By Naveen Thukral
SINGAPORE (Reuters) - Oil prices edged higher on Monday, with Brent oil set to rise for five out of seven sessions as a global supply glut appears to ease, but rising U.S. production limited gains.
Brent crude oil climbed 0.2 percent to $56.09 a barrel, while U.S. West Texas Intermediate added 0.1 percent to $54.04 a barrel.
Oil prices tumbled on Friday after U.S. Energy Information Administration data showed U.S. crude inventories rose for a seventh straight week.
But the market has been supported within a tight $4 to $5 range since November, when the Organization of the Petroleum Exporting Countries (OPEC) and other producers agreed to cut production.
"EIA data showed stocks rose 564,000 barrels to 518.7 million last week," ANZ said in a note.
"However, it was the lowest increase over the past couple of months.
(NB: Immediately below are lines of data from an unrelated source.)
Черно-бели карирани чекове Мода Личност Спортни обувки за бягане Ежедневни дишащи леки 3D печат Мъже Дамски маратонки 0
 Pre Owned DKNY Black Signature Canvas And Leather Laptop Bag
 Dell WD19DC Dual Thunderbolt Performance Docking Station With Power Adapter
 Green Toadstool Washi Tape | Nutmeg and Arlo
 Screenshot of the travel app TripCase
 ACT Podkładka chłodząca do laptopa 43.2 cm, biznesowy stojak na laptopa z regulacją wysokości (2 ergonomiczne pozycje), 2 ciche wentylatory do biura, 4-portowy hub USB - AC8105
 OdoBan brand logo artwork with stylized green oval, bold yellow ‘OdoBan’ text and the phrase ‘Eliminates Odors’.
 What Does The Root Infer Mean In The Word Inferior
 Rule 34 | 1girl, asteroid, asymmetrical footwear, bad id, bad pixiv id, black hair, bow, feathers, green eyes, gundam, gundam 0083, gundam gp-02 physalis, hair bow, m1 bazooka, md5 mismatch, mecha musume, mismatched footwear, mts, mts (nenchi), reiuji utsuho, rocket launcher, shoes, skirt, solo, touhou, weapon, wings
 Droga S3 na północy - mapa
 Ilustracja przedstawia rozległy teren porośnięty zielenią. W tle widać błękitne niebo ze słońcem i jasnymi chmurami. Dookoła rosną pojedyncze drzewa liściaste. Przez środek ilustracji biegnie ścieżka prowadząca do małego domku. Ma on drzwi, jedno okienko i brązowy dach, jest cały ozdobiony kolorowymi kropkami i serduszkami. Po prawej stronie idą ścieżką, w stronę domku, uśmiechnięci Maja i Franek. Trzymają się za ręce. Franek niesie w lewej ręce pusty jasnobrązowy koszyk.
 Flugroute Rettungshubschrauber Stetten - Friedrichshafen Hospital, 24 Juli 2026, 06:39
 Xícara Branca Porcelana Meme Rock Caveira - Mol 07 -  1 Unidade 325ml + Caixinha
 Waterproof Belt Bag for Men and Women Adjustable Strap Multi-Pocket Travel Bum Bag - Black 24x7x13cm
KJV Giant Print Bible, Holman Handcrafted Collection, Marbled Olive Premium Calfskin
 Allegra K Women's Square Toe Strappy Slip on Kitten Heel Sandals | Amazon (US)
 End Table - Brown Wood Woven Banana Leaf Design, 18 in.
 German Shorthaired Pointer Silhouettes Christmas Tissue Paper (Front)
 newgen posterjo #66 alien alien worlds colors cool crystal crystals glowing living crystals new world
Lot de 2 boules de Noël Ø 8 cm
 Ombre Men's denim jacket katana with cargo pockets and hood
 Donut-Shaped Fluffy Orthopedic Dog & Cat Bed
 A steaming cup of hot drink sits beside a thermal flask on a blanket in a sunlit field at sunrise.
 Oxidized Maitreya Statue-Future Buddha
If this trend of lower imports and smaller gains in inventories persists over the coming weeks, it would suggest that the OPEC led production cuts are starting to have an impact."
OPEC's record compliance with the deal has surprised the market, and the biggest laggards, the United Arab Emirates and Iraq, have pledged to catch up with their targets.
The International Energy Agency put OPEC's average compliance at a record 90 percent in January, and based on a Reuters average of production surveys, it stands at 88 percent.
Saudi Arabia has offered to reduce oil production if rival Iran caps its own output this year, four sources familiar with the discussions told Reuters, as Riyadh tries to strike an elusive OPEC deal to curtail supply and boost prices.
Money managers raised their net long U.S. crude futures and options positions in the week to Feb. 21, to the highest on record, based on data going back to at least 2009, the U.S. Commodity Futures Trading Commission (CFTC) said on Friday.
"The market is trading in a range. OPEC supply cuts are putting a base under the market at this stage," said Ric Spooner, chief market analyst at CMC Markets in Sydney.
On the technical front, Brent oil may break support at $55.93 per barrel and fall more towards the next support at $54.81, as its consolidation within a wedge has not completed, according to Reuters analyst Wang Tao.
U.S. oil may slide further to support at $53.37 per barrel, as suggested by a Fibonacci projection analysis and a rising channel.